-------- Source material
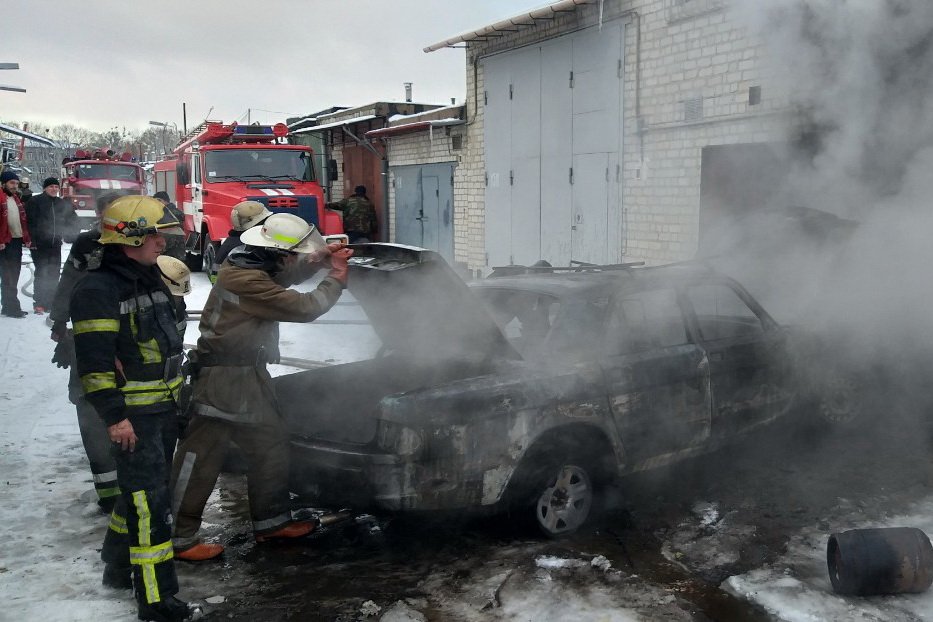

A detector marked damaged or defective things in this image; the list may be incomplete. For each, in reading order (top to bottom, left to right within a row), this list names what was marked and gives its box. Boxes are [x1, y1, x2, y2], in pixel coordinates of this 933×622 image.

burned car [278, 246, 816, 540]
charred vehicle [278, 246, 824, 540]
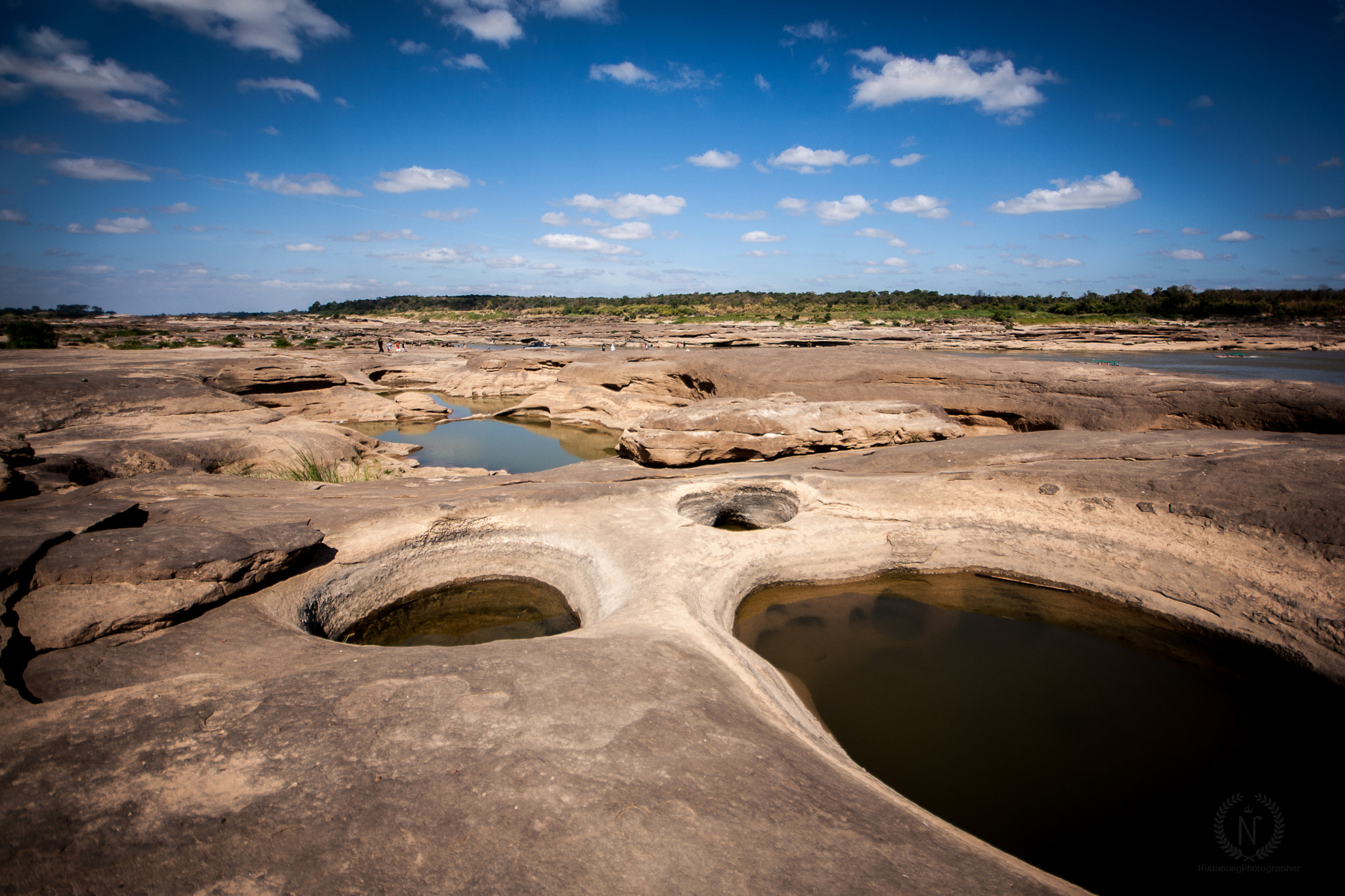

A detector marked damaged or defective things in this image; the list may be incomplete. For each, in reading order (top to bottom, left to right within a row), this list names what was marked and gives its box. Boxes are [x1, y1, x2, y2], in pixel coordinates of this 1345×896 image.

water-filled pothole [672, 486, 796, 529]
circular pothole [678, 486, 791, 529]
circular pothole [334, 577, 578, 647]
water-filled pothole [336, 577, 578, 647]
water-filled pothole [737, 574, 1345, 896]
----------------
Pictures are to be dropped; every line of the records is to be returned unchanged.

A detector marked damaged or defective things in this image; the list may be incomplete. For each, in reading order (top to bottom, left to right within a row), this list names what was marked and gives its box. Boxes are [x1, y1, x2, y2], in pixel coordinates of this 933×622 image.

burned car [278, 246, 816, 540]
charred vehicle [278, 246, 824, 540]

A detector marked damaged or defective things in this image; the list may be incomplete. For each, in reading order (top to bottom, left to right within a row), this list names what was marked and gives its box. Boxes are [x1, y1, x2, y2], in pixel coordinates of this 1345×896 image.

water-filled pothole [672, 486, 796, 529]
circular pothole [678, 486, 791, 529]
circular pothole [334, 577, 578, 647]
water-filled pothole [336, 577, 578, 647]
water-filled pothole [737, 574, 1345, 896]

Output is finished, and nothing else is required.